Elise, 35, isn't a veteran herself, but she started the organization to support veterans in 2006.

"Pin-Ups For Vets" calendar project
Army veteran Allison Paganetti said she's proud to do her part to support other veterans. Davello Photography
"Pin-Ups For Vets" calendar project
Paganetti seen here during her time in the Army. "My deployment was the most memorable experience of my time in service," she said in a statement. Courtesy of Pin-Ups for Veterans

"There were a lot of stories in the news about our troops coming back from Iraq, needing medical care, and I just felt that I wanted to do something to help out and I wanted to do something creative," she said.
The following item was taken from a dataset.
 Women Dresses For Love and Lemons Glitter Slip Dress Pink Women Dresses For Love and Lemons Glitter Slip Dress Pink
She thought of her grandfather, who had served in World War II, and how troops from that time used to paint images of women in pinup outfits on the side of their planes: "It provided a symbol of hope," Elise said. "It provided such a morale boost ... I thought I could utilize that concept."
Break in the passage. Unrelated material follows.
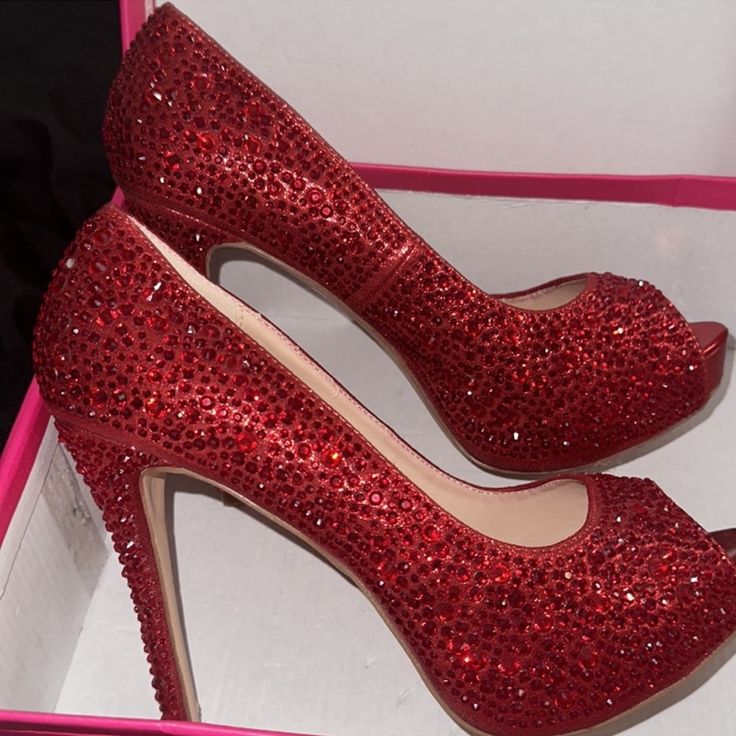 So, So Gorgeous And Remind Me Of Christian Louboutin Heals. The Crystals On These Heals Are Insane And Would Be Beyond Gorgeous With A Dress. Elegant Red Sandals With Rhinestones, Red Sandals With Rhinestones And Round Toe, Red Rhinestones Sandals With Round Toe, Red Closed Toe Sandals For Party, Red Pointed Toe Glamorous Sandals, Red Open Toe Heels With Rhinestones, Red Rhinestone Sandals For Formal Occasions, Glamorous Red Pointed Toe Sandals, Formal Red Sandals With Rhinestones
"Pin-Ups For Vets" calendar project
Marine veteran Megan Martine also got glammed up for the project. Davello Photography
"Pin-Ups For Vets" calendar project
Martine, who was a motor vehicle operator in the Marines, said she'd been following Pin-Up for Vets' work for 10 years. Courtesy of Pin-Ups for Veterans

Her first calendar was for 2007, and she was the star of every month. "I wore a lot of different wigs," she said with a laugh.

Since then, the calendar has grown in popularity, and now her nonprofit, Pin-Ups for Vets, based in southern California, is her full-time job. The calendars raise money for equipment for military and veterans affairs hospitals.
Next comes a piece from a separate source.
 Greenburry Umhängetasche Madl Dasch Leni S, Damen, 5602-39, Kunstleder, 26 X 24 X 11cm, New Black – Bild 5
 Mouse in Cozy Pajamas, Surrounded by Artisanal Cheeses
During the recent photo shoot, Elise discovered another unexpected benefit of her project.

"Pin-Ups For Vets" calendar project.
Navy veteran Brendena Kyles was the picture of patriotism in red, white and blue. Davello Photography
"Pin-Ups For Vets" calendar project
Kyles was a gunners mate in the Navy. Courtesy of Pin-Ups for Veterans

"The interesting thing about this is the female veterans that posed for us, they love doing it because they feel that utilizing the aesthetic of the World War II pinup girl has helped them reclaim their femininity," Elise said, adding that many of the women felt they had to sacrifice their femininity while serving in male-dominated fields.

The women come from various military branches, including the Army, the Navy and the Marines. As veterans, many had heard of Elise's nonprofit before ever participating in the calendar.

"Gina ensures that none of the veterans we visit feel forgotten or alone," Jennifer Marshall, who worked in aviation logistics in the Navy and appears in the 2018 calendar, said in a statement. "Every veteran deserves to know their sacrifice and service is appreciated, and Pin-Ups for Vets makes that happen."